Still, the story Jeffress tells is nothing new among conservative Evangelicals. It is striking that in Dallas, what was once the city’s most powerful and influential church is now suffering the indignity of having a billboard advertising a stock Christian nationalist theme taken offline. Again: you couldn’t pay me to sit there and listen to Jeffress preach that poke-in-the-eye patriotism on Sunday, and partake in his church’s glorification of the war machine, under the guise of a “salute to the armed forces.” But the idea that these views are now considered too indecent to advertise on a billboard in Dallas — Dallas! — is troubling.

I would love to know if Outfront Media, the billboard company, allows other religious, or atheist, organizations to rent its billboards, and if it allows one of the city’s many upscale strip clubs to do so.

I don’t care for Jeffress’s Fox Newsified faith, but I really hate that the only kind of religious sentiment acceptable in the public square is Moralistic Therapeutic Deism, because it’s not “divisive.” If Dallas-area Muslims wanted to rent billboard space to say, “ISLAM IS THE ONE TRUE FAITH,” that would be rather divisive, but so what? Are we now too fragile to withstand these claims? Why are political billboards the kind of divisiveness we can accept, but First Dallas’s religious billboard is too hurtful to be seen by motorists?

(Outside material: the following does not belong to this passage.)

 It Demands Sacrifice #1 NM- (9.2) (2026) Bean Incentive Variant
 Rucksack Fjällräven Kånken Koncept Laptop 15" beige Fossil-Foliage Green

UPDATE: People, read this blog entry closely. I believe that the billboard company has acted within its rights to take down the Baptist billboard, and I would defend its right to have done so. Interestingly, so does Robert Jeffress. What I’m objecting to is the idea that First Baptist Dallas’s particular message was so offensive that it deserved to be withdrawn from the public square. As you can tell from this post, I think what Jeffress and his church are doing is a form of idolatry, but I believe that they should be allowed to promote this message in the public square. I believe that a liberal church, or an atheist organization, should be able to do the same. What I’m complaining about here is a change in public moral standards regarding religious speech in the public square. 

I will not post comments that falsely portray my position as hypocritical because of my support for the Christian cake baker in Colorado. I likewise support Outfront Media’s right to decide how to use its billboards. What I don’t support is either a) Jeffress’s particular message, or b) Outfront Media’s decision to suppress that message.